I wonder if that is what Paul is driving at in that second reading on the marriage relationship. We don’t take his advice to the married very literally these days, or at least his advice to wives, and as far as I can tell, from the outside, we seem to be all better off for it. But when he says that a marriage is an image of God’s relationship with us, and ours with God, we have to ask ourselves if that could possibly be true.
If you’re married, even if your marriage is happy, and life around you has gone well, and maybe especially if it’s not, and it hasn’t, you know that your marriage involves work. It’s not as simple as always submitting one to the other, because we know that as a policy, that’s not a living relationship. Of course, it’s true that in marriage you submit and you give up some things that formerly seemed important, that’s what life with other people is like, but maybe just as often you end up challenging one another, asking questions, working together to get to someplace you both want to be. And you do it because the relationship won’t survive without work, and you’ve promised to try to make it survive. We all know that’s what marriage relationships are like, or what we want them to be like. Sure, there are times in relationships when our tendency is to check out, get distracted with other things, ignore problems let things ride. But gradually we figure out that those times come in cycles with the time to recommit, to make changes, to dig deeper, to start over.

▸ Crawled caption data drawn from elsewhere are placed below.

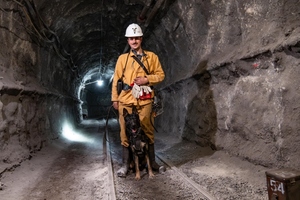 Szkolenie psów służbowych w Kopalni Węgla Kamiennego „Borynia-Zofiówka” Ruch „Zofiówka”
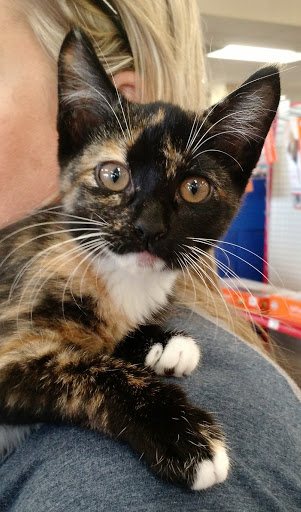 Pet Supply Store «Petco Animal Supplies», reviews and photos, 2722 N Josey Ln #107, Carrollton, TX 75007, USA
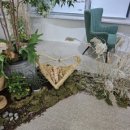 내대 1리 이미지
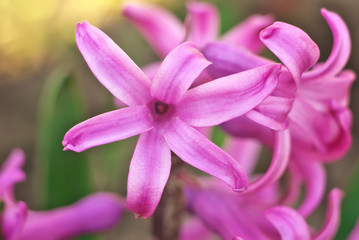 Fototapeta premium Pink hyacinth close up. Flowering.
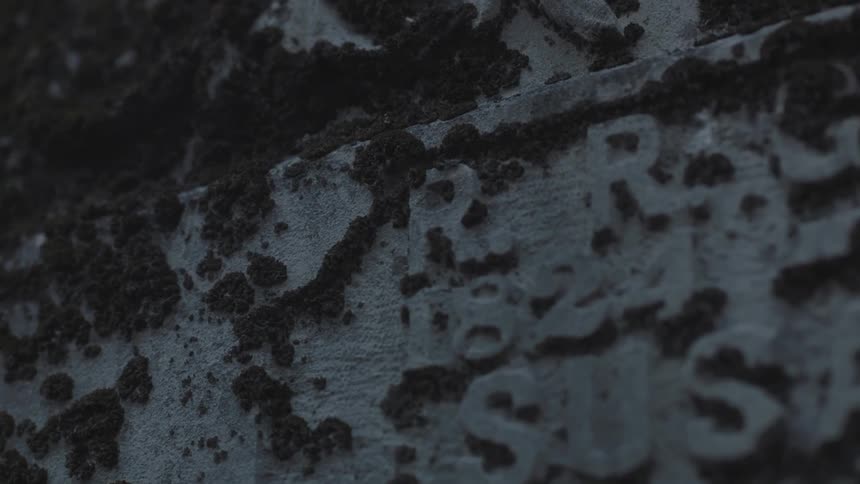 Lichen covering a gravestone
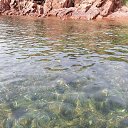  Vladimir, , 74  -  24  2020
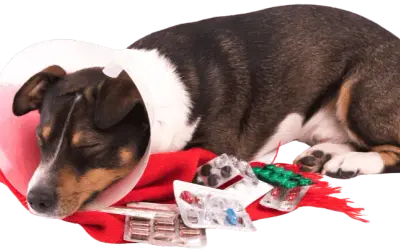 Clínica veterinaria María Jiménez: servicios y atención excepcional para tu mascota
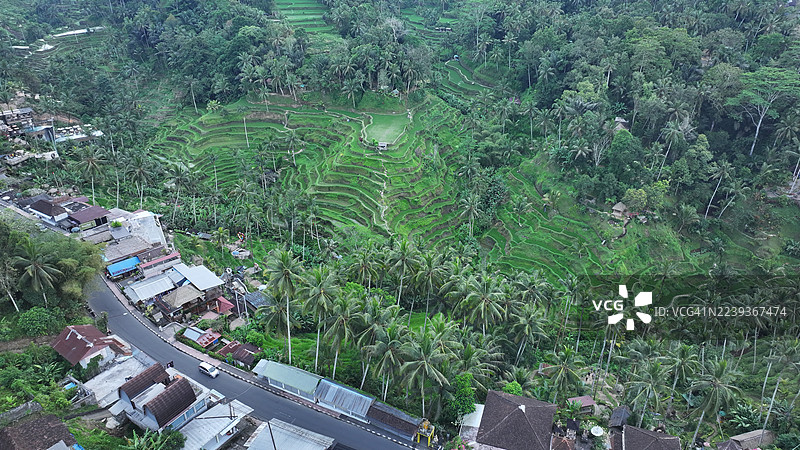巴厘岛乌布德格拉朗梯田，印度尼西亚图片素材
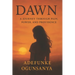 Dawn: A Journey Through Pain, Power, and Providence
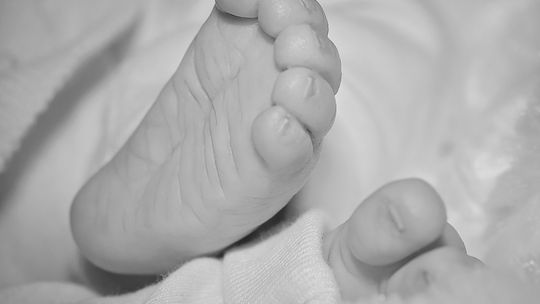Śledztwo prowadzone pod kątem zabójstwa! Poruszająca sprawa z Sulistrowej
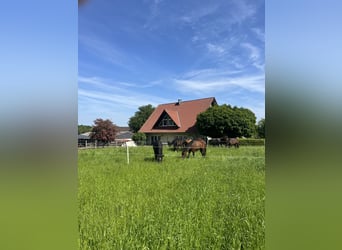 Liefdevolle en paardvriendelijke opfok van veulens en jonge paarden met hart voor het paard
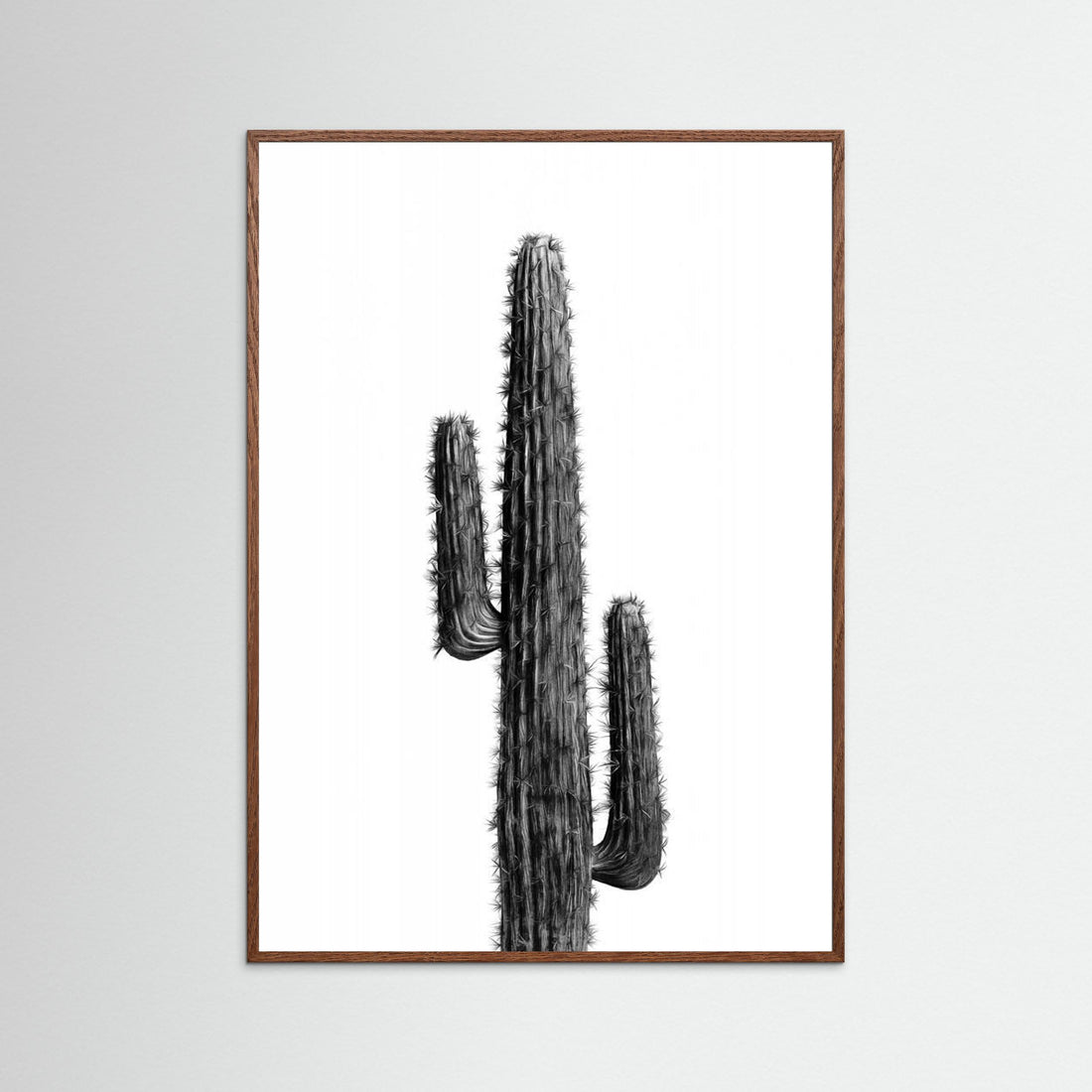 Cactus Black and White 01 by Amini54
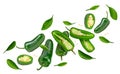 Sliced jalapeno peppers isolated on white background. Green chili pepper. Capsicum annuum. clipping path Royalty Free Stock Photo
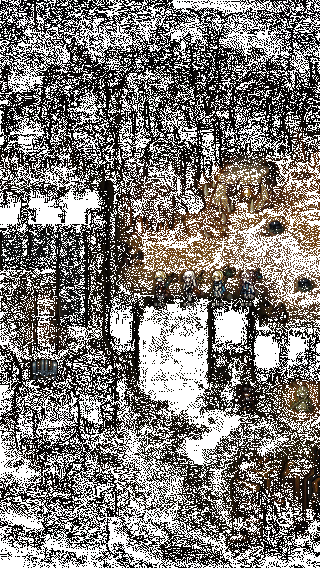 角色释放魔法技能，与伙伴协同攻击圣兽的动态战斗画面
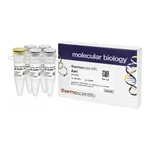 Thermo Fisher Scientific AarI (2 U/μL), 25 units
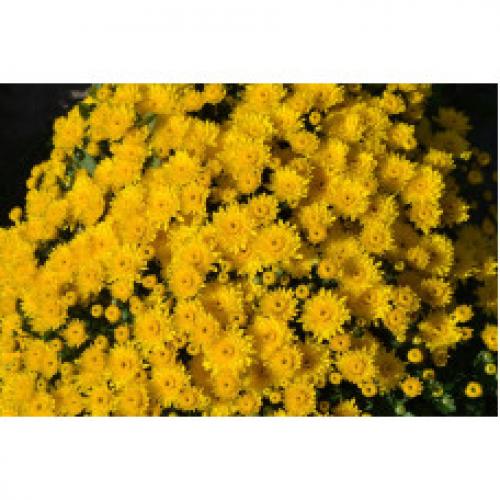 Хризантема мультифлора каталог. Интернет Магазин плодовых и ягодных культур Широкий ассортимент и высокое качество. Саженцы приспособлены для выращивания в условиях сурового климата Сибири. Доставка по всей России.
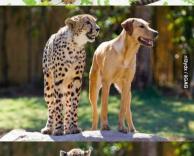 ידידות מופלאה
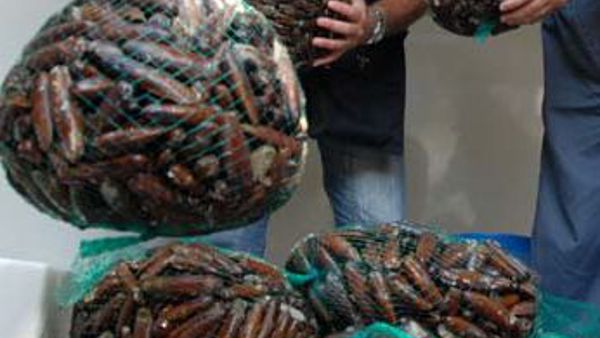 Urto improvviso, falla per peschereccio di Manfredonia: salve 3 persone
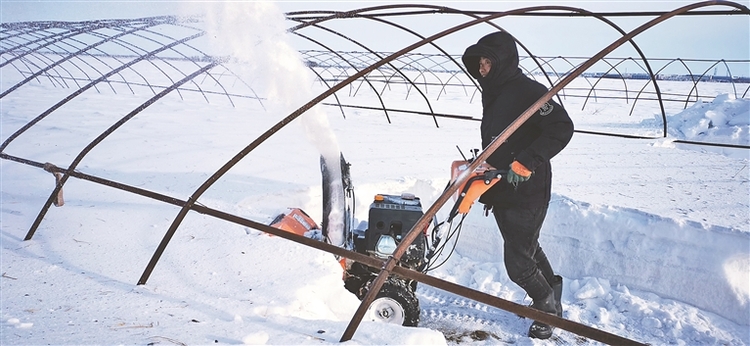 抚远：快清雪 早扣棚 备春耕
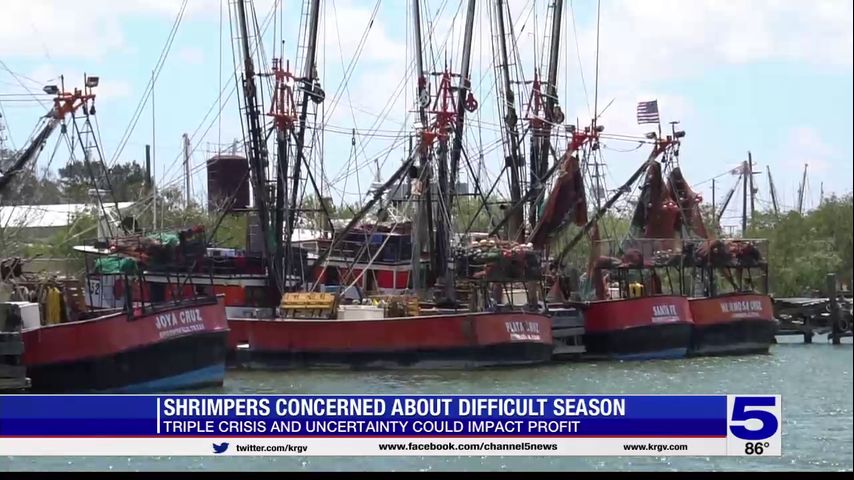 Local shrimpers facing challenging season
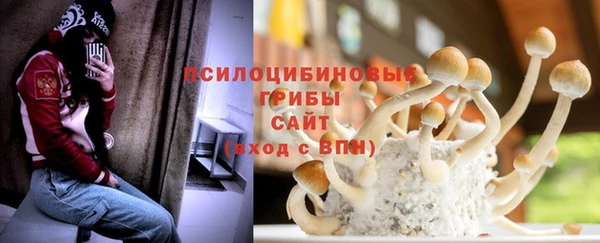 гашик Арсеньев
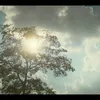 kochu.tiktok.com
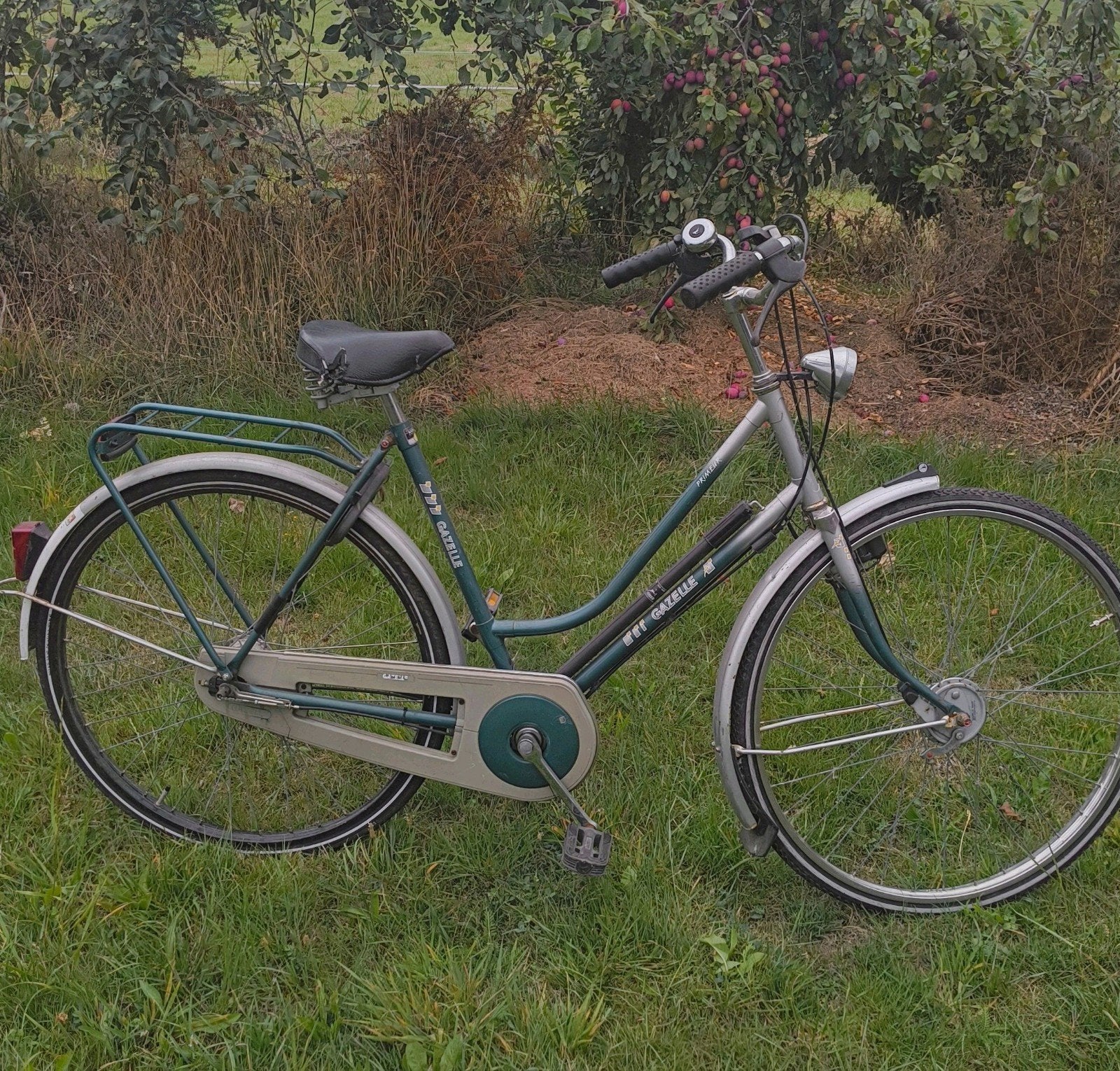 Solide Stationsfiets | Gazelle Primeur, Ophalen, Versnellingen, Gazelle, Trommelrem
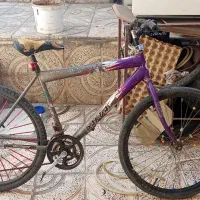 دوچرخه 26|دوچرخه، اسکیت، اسکوتر|بیجار, |دیوار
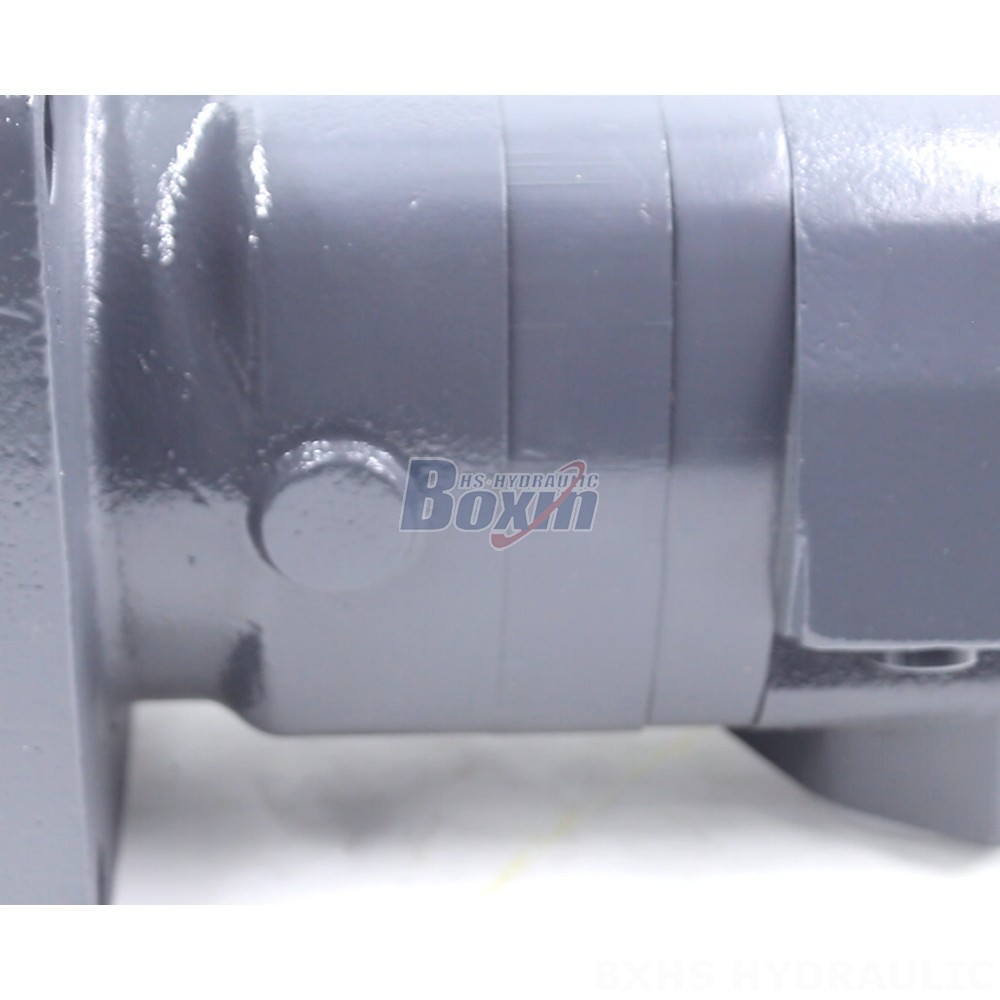 BM6 Cycloid Hydraulic Motor - OEM/ODM Services Available - 245 cc/r 150 Lpm detail image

If an active, involved, committed marriage relationship is like the relationship God wants with us, on the one hand that should make us amazed that there is such a God who loves us that much, but it should also scare us, because it would suggest we all have plenty of growing up to do in that relationship. Because like a human relationship that has fallen into disrepair, when it comes to our relationship with God, or even our relationship with the church, we all have a tendency to find someplace to be that takes us off the spot, removes us from responsibility.
We tend not to see ourselves in an adult relationship with God or with our faith, and that approach works fine as long as we can remain on the sidelines, until we gradually become consumers who are either satisfied or dissatisfied with what’s offered us. We decide that what confuses us or bothers us or bores us in our faith, in our church, must be someone else’s problem to fix. And so we find ourselves saying things like: a lot of things about the church bother me, so I just keep my distance; or I want my kids to learn the faith, but it’s not my job to; or that if things just would go back to the way things were, it’d all be fine. If we said things like that about a human relationship we were in we’d know immediately we weren’t taking responsibility for our end of the bargain. But when it comes to our faith, to our church, we hesitate to bring to it the passion and the intelligence and the commitment we all try, I think, to bring to our marriages.
Jesus in this gospel reading frankly seems discouraged. He worked miracles, invited people to come with him, and after a flash of excitement he’s suddenly down to a few. He wanted a church of people who can be in relationship with him, a relationship so close it is like husband and wife, so glorious that there’s no understanding it, but so hard that people are constantly getting tired of seeking it. If you’re waiting to know more about your faith or your church, if you want the church to be different, if you want to pray, if you want to understand this relationship with Jesus that we have been baptized into, it won’t happen without you. We’re all in another marriage that we often forget we’re in, and it’s time to get to work on the relationship.